Some personal notes - not answering your question, I know:

  1. It is done here (Russian rules, same as default):
    https://github.com/common-voice/sentence-collector/blob/85c1a455d27638c992d699d453b1cfd168ed089c/server/lib/validation/languages/ru.js#L19
  2. You can preprocess your text to change (abc) to -abc- for example to overcome this (if you don’t change the above rule).
  3. “Wild guess” for the reason: Sentences with () are mainly not conversational, and they disrupt the natural speech pattern of the person speaking into the dataset. Most of them come out of books etc, and they are mostly descriptive (e.g. explaining the previous word, to give an alternative etc). If this is the case, you might like to remove them altogether.

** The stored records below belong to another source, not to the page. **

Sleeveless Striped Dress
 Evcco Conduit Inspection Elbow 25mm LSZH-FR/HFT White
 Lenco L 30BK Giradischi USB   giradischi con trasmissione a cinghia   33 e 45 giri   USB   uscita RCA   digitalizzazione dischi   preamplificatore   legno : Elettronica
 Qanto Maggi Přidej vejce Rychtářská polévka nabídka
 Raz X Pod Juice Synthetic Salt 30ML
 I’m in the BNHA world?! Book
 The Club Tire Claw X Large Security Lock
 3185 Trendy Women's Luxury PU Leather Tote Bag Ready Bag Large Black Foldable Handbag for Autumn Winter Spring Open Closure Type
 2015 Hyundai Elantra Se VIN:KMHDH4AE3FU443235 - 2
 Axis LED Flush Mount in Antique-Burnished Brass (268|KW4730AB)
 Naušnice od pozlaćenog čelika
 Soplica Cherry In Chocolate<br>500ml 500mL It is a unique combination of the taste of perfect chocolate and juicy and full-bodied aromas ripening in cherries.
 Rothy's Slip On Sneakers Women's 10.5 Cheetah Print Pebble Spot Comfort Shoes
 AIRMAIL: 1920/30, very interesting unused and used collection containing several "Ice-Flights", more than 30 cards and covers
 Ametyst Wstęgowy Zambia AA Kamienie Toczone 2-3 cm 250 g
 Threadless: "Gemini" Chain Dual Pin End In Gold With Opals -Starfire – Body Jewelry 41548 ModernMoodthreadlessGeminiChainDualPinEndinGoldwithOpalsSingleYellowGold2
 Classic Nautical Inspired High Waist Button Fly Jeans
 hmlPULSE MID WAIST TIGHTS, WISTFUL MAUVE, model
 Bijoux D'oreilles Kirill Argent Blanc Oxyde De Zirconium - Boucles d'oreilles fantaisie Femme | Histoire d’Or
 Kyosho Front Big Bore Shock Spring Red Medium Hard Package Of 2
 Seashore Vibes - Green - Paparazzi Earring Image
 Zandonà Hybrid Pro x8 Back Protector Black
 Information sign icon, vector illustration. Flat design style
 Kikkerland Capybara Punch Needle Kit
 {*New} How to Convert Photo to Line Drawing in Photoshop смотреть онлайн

As I’m processing all the text corpus 2-3 times offline, I use option 2 or 3.

2 Likes

In your case, I’d change “av” to “avatars” and remove the parenthesis (Google translated). Actually “av” is not a word, it is an abbreviation and shouldn’t be there…

Some people worry too much about choosing av (avatars) for their pages

The main reason to disallow parenthesis was that some recorded it with, and some without saying “in parenthesis” or similar.

3 Likes

Thank you for rules. And I know that I can remove brackets, just I was surprised and wanted to ask why it’s so.

Okay, thank you, I understood :slight_smile:

In Russian “av” (initial form: ava /ru-page/) it’s not abbreviation like IDK (I don’t know), but like u (you). It don’t have variant reading cause It’s clipping

I can not comment on the validity, of course (I also thought it was clipping).

Variation reading is main reason why we don’t want use abbreviations in Common Voice. We can’t read clippings like abbreviations in Russian. Clippings are just more shorter version of the words. They aren’t abbreviations and they usually have only one pronunciation like normal words. Therefore I think, that clippings is OK =)